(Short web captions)
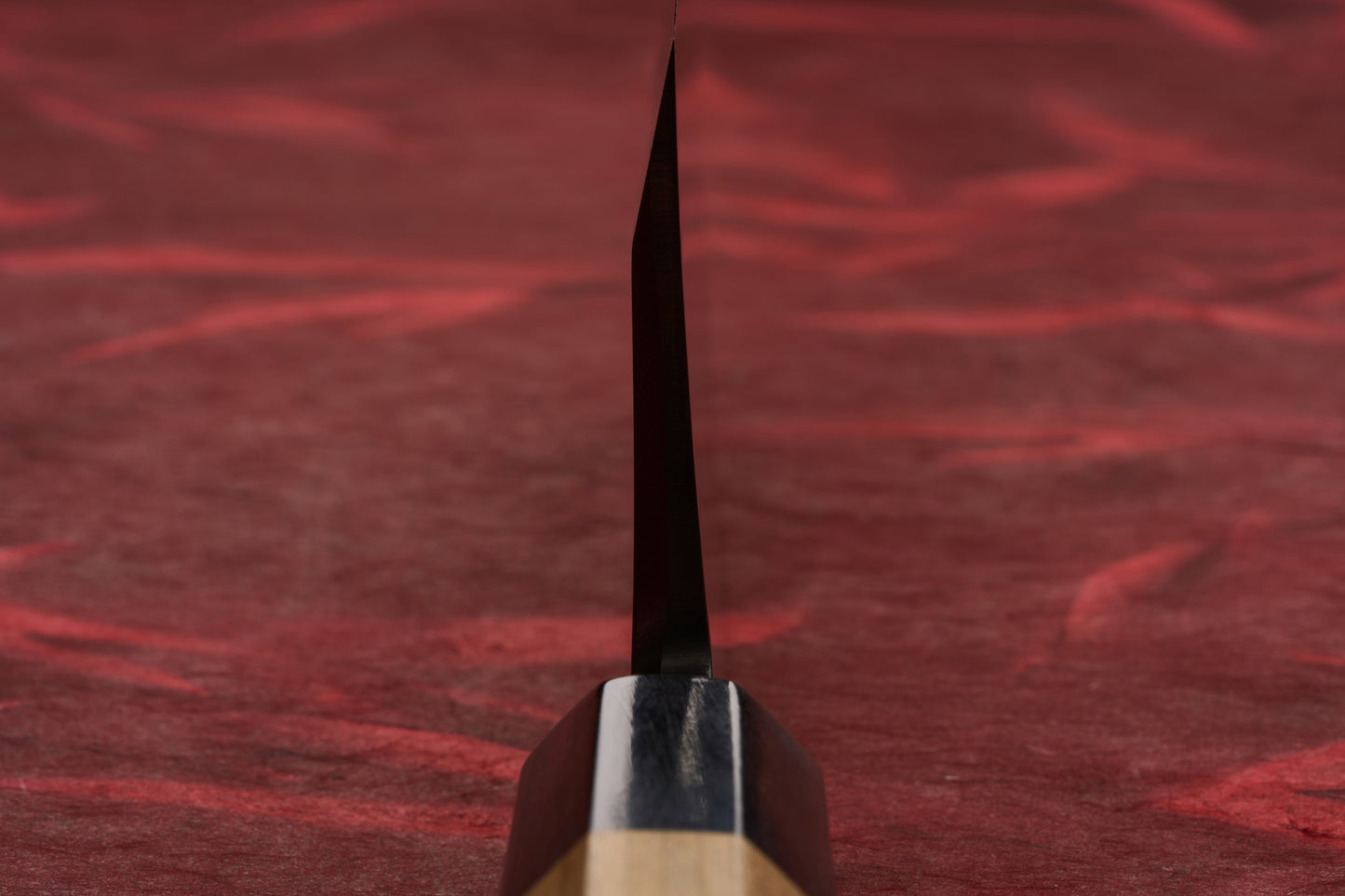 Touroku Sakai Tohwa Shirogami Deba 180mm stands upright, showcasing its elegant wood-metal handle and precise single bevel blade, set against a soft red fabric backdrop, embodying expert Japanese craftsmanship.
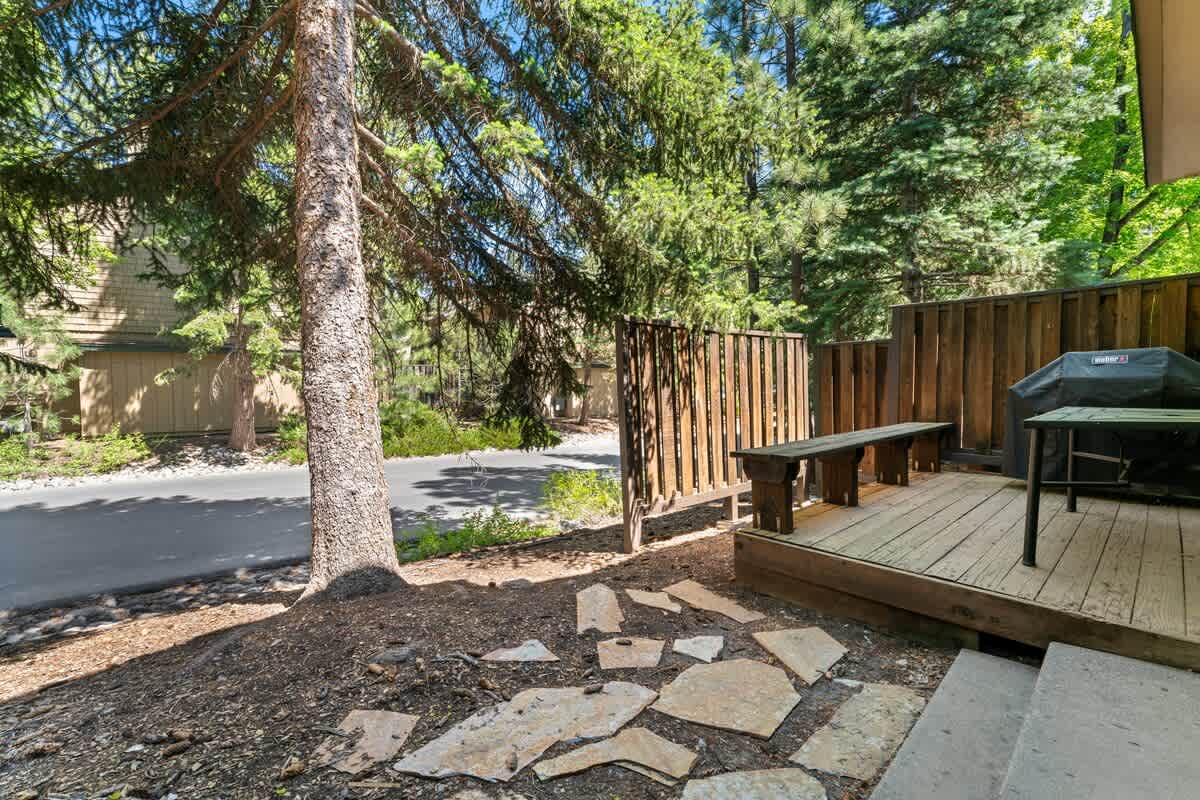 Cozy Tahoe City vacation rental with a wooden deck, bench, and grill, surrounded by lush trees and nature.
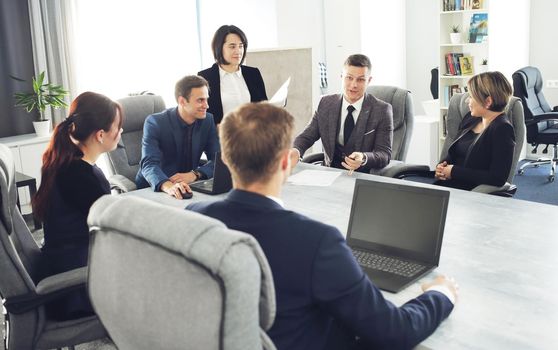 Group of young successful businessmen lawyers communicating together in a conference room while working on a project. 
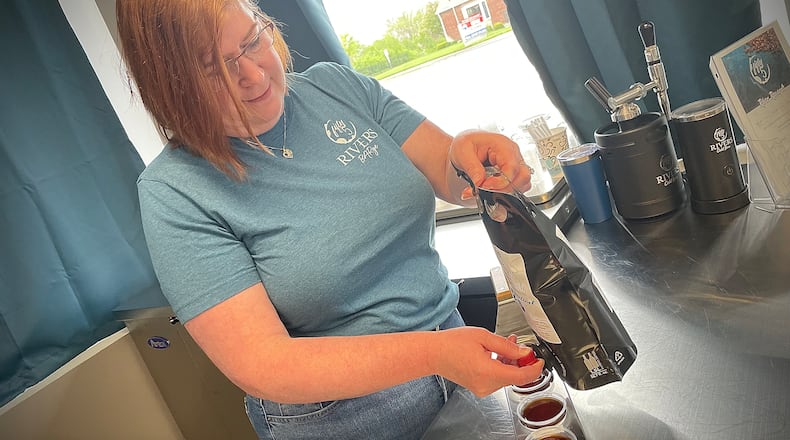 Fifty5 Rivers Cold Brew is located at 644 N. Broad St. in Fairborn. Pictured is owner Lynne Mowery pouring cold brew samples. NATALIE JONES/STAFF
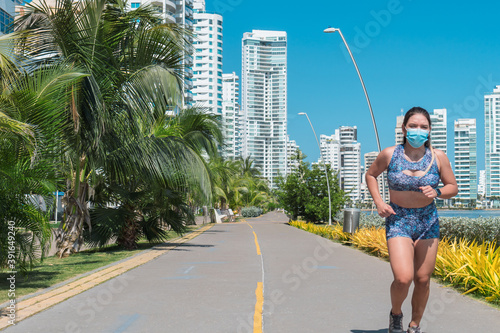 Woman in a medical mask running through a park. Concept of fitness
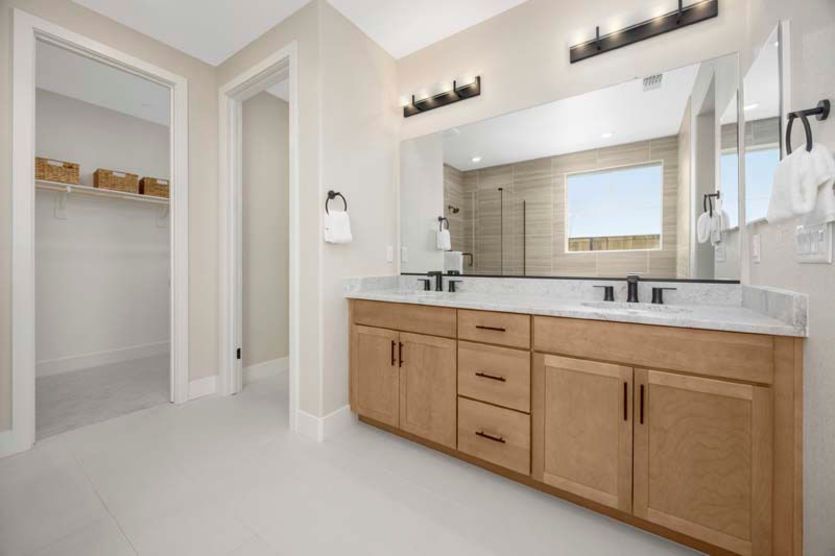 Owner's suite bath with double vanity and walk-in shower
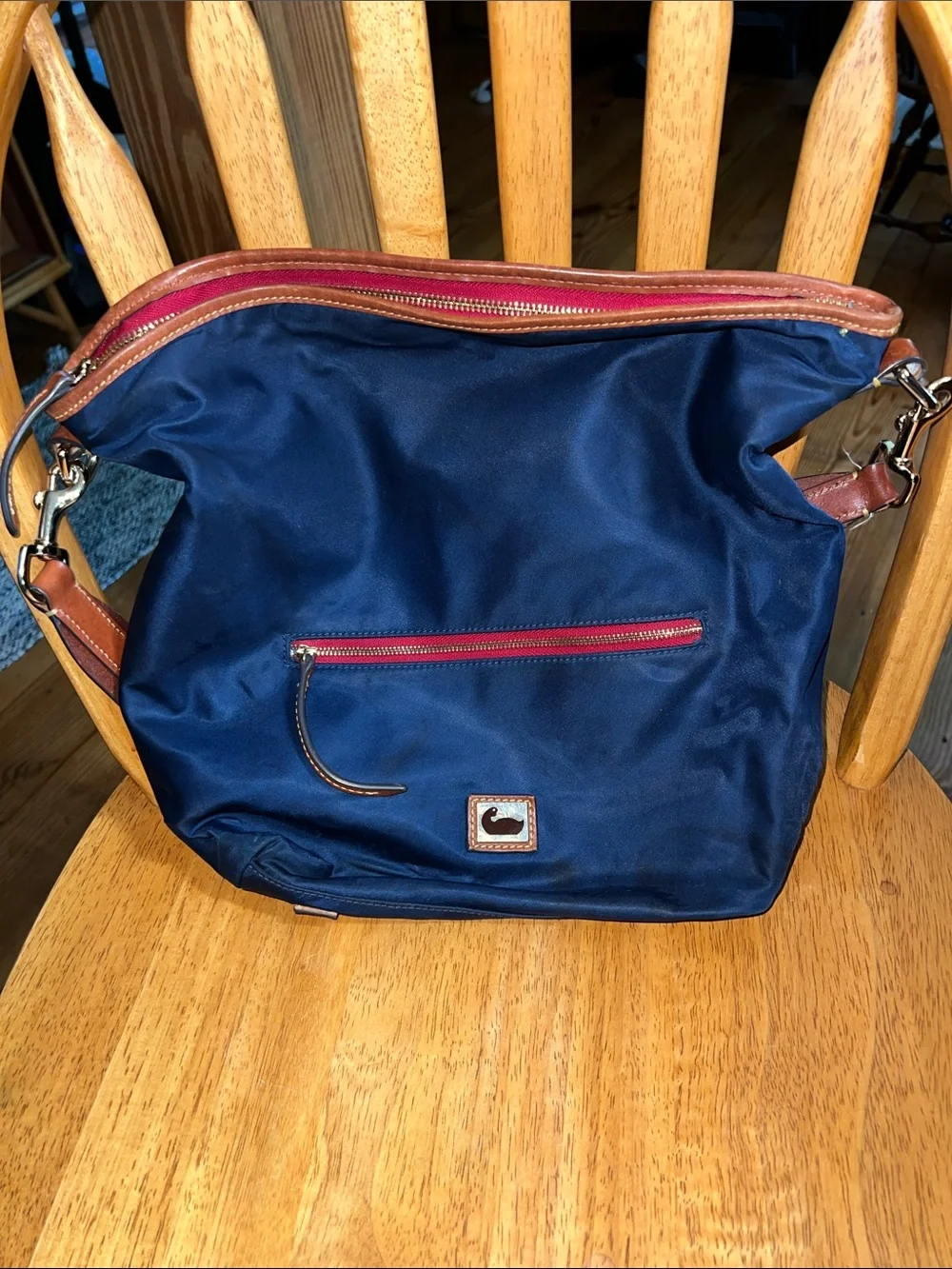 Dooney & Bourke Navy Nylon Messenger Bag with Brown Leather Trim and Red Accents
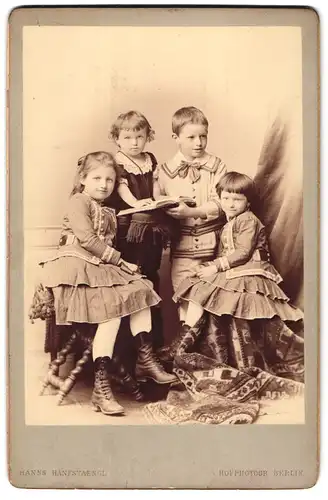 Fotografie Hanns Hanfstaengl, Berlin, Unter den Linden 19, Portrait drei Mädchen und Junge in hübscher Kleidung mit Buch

*What is being asked:*
The copy you give must run from the line containing "Woman in a medical" through the last line of the records, exactly, with the pictures left out.

*Reply:*
 Woman in a medical mask running through a park. Concept of fitness
 Owner's suite bath with double vanity and walk-in shower
 Dooney & Bourke Navy Nylon Messenger Bag with Brown Leather Trim and Red Accents
 Fotografie Hanns Hanfstaengl, Berlin, Unter den Linden 19, Portrait drei Mädchen und Junge in hübscher Kleidung mit Buch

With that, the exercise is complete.